Dependency tree is a directed graph that satisfies the following constraints:
- There is a single designated root node that has no incoming arcs
- With the exception of the root node, each vertex has exactly one incoming arc
- There is a unique path from the root node to each vertex in V
What is projectivity?
An arc from a head to a dependent is said to be projective if there is a path from the head to every word that lies between the head and the dependent in the sentence.
Give an example of a nonprojective dependency?
In the sentence, “JetBlue canceled our flight this morning which was already late.”, the dependencies are:
root(canceled)
nsubj(canceled, JetBlue)
dobj(canceled, flight)
mod(canceled, morning)
det(flight, our)
det(morning, this)
nmod(flight, was)
case(was, which)
mod(was, alte)
adv(late, already)
The arc nmod(flight, was)
is non-projective since there is no path from flight to the intervening words this and morning.
Which approaches are not okay and which are okay for parsing sentences with non-projective dependencies?
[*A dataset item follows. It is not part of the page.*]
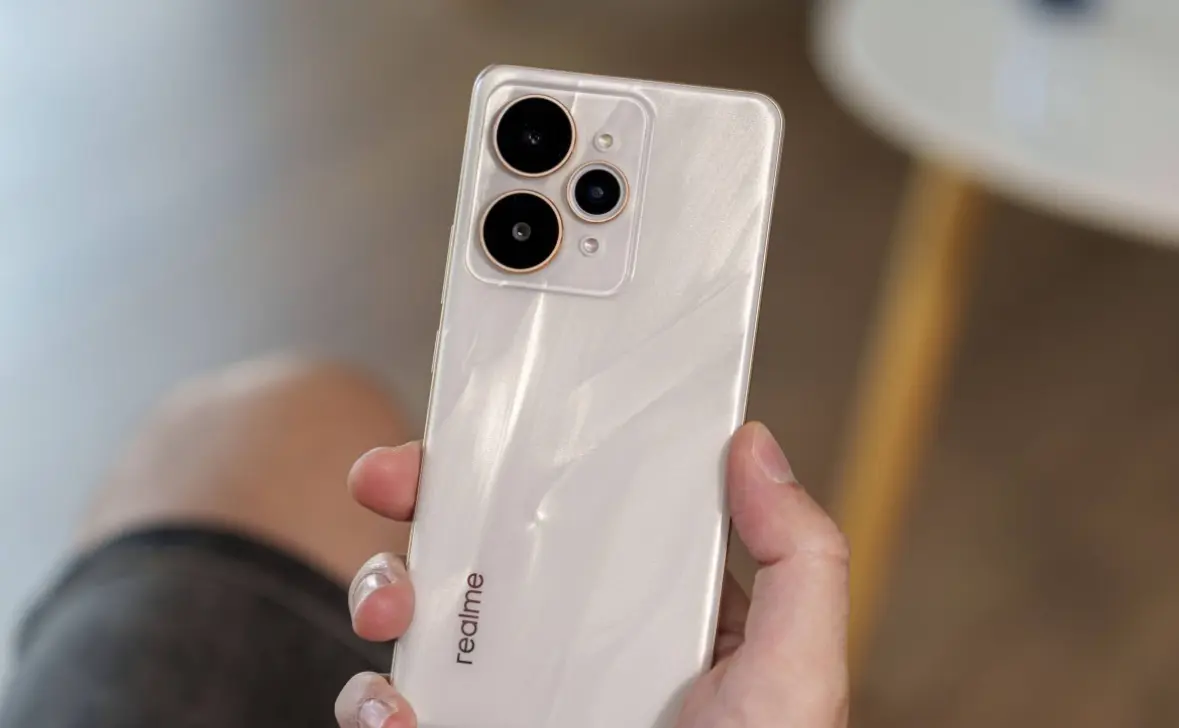 تسريب المواصفات الرئيسية لأول مرة لهاتف Realme 16 Pro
For training data, most English dependency treebanks were automatically derived from phrase-structure treebanks and such trees are guaranteed to be projective. So, we need other sources of data. Transitiona based approaches can only produce projective trees. Only the more flexible graph-based parsing approaches help with non-projective trees.
What are some rules that can be applied to phrase-structure treebanks to get dependency treebanks?
- Mark the head child of each node in a phrase structure, using the appropriate head rules.
- In the dependency structure, make the head of each non-head child depend on the head of the head-child.
What is transition-based parsing?
Transition-based parsing draws on shift-reduce parsing. It has a stack on which we build the parse, a buffer of tokens to be parsed, and a parser which takes actions on the parse via a predictor called an oracle.
What are the three transition operators that will operate on the top two elements of the stack?
- Left arc (for each of the dependency relations being used)
- Right arc (for each of the dependency relations being used)
- Shift
How do we create training data for dependency parsing?
- Choose LEFTARC if it produces a correct head-dependent relation given the reference parse and the current configuration,
- Otherwise, choose RIGHTARC if (1) it produces a correct head-dependent relation given the reference parse and (2) all of the dependents of the word at the top of the stack have already been assigned,
- Otherwise, choose SHIFT.
How we train a neural classifier for dependency parsing?
The standard architecture is to pass the sentence through an encoder, then take the presentation of the top 2 words on the stack and the first word of the buffer, concatenate them, and present to a feedforward network that predicts the transition to take.
What is an alternative transition system?
Arc eager
How can we explore alternative decision sequences?
Using beam search
What are graph-based methods for creating dependency structures based on?
Maximum spanning tree methods
How do we evaluate dependency parsers?
Labeled and unlabeled accuracy